Last week, I traveled with Vice President Biden to Philadelphia to announce a comprehensive plan for an American high-speed rail network. As the Vice President said that day, "We know that public infrastructure investment increases private-sector productivity, promotes growth, and creates jobs."
That’s because transportation is the lifeblood of today’s global economy. And if we can’t move goods and people faster and more efficiently than our competition, there’s no way we can remain the most prosperous and productive country in the world. The undeniable fact is that our existing systems are not up to tomorrow's load.
Unfortunately, some continue to take the short view on our economy. Robert Samuelson's attack on President Obama's high-speed rail initiative in Monday’s Washington Post was equally as shortsighted as the Post’s editorial last month criticizing our high-speed rail plan.
But as the Secretary of Transportation, let me be clear: there is no amount of money that could build enough capacity on our highways and at airports to keep up with our expected population growth in coming decades. America’s population will grow by 70 million in the next 25 years and 100 million in the next 40 years. Adding capacity to an interstate highway in the congested Northeast would cost more than $40 million per mile and cause enormous traffic backups, assuming we even had the space. A relatively “inexpensive” airport runway can cost half a billion dollars to construct.
High-speed rail can alleviate congestion both in the air and on our roads. It can do that with more energy efficiency than other forms of transportation. High-speed rail will involve upgrades to our freight rail system that will be needed to serve a swelling population. And it will support an industry that will add jobs for our workers.
In fact, more than 30 foreign and domestic rail manufacturers and suppliers have committed to locating or expanding their base of operations in the United States if they get the chance to work on our high speed rail program. Some are already locating here.
Siemens, for example, is manufacturing train cars and other equipment in Sacramento. CAF is doing the same in Elmira, New York. Caterpillar/EMD is building a locomotive assembly plant in Indiana. And Steel Dynamics, Inc. is expanding a steel manufacturing plant in Columbia City, Indiana.
One need look no further than Wisconsin to see that rail companies are chomping at the bit to hire American workers and use American materials to help jump-start an American high-speed rail manufacturing industry. Talgo, a Spanish-owned rail manufacturer, set up shop in Milwaukee, hiring more than 100 workers and planning to hire even more. When Governor Scott Walker closed the door on Wisconsin's high-speed rail segment, Talgo decided to close the door on its operation in Milwaukee and move elsewhere.
Along the increasingly congested roadways near Amtrak's Keystone Corridor in Pennsylvania, we can see an example of how American rail works. Harrisburg-to-Philadelphia is too short a distance to fly, but too long for some travelers to drive.

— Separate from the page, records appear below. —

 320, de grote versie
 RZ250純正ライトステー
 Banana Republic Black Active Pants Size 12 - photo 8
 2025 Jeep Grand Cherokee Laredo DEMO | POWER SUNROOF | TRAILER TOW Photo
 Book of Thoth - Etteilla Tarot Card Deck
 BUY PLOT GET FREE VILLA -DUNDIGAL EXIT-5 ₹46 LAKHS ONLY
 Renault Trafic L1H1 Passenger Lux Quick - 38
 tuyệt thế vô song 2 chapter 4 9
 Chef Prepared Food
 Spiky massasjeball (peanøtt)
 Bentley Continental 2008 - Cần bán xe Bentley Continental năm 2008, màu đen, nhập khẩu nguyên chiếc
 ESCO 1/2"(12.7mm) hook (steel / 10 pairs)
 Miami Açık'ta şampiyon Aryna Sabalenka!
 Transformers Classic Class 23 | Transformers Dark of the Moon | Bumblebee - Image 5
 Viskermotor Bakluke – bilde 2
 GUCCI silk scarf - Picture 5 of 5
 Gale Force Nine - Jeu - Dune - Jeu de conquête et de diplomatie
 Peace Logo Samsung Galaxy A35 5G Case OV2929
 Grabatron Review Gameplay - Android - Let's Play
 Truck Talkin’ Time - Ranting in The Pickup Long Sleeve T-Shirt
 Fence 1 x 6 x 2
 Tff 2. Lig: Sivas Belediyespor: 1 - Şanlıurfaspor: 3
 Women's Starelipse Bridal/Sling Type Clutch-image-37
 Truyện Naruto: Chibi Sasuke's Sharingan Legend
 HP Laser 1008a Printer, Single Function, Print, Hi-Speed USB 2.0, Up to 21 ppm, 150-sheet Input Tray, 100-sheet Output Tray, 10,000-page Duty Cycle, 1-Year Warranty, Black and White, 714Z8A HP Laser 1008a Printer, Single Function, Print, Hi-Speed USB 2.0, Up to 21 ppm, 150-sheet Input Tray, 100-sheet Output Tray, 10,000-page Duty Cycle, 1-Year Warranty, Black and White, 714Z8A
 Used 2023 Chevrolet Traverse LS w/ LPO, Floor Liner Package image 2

Amtrak upgrades to that corridor's rail line increased speeds significantly so that ridership increased by 57 percent. And business travelers like the line because they can work while traveling--unlike drivers who would otherwise be stuck in traffic.
Amtrak's enormously successful Acela service in the Northeast Corridor demonstrates that safe, convenient, reliable passenger rail can carry its own weight. Last year that line took in $1.40 in revenue for every dollar in operating costs, and Amtrak has enjoyed 15 straight months of ridership growth.
The President understands what the Washington Post does not—that we can’t shortchange tomorrow's economy by failing to lay the foundation for growth today. That’s why the President Obama is launching a high-speed rail network that will serve 80 percent of Americans and its legacy will be more than trains, tracks, and ties. It will be an economy on the move and a future that we are prepared to win.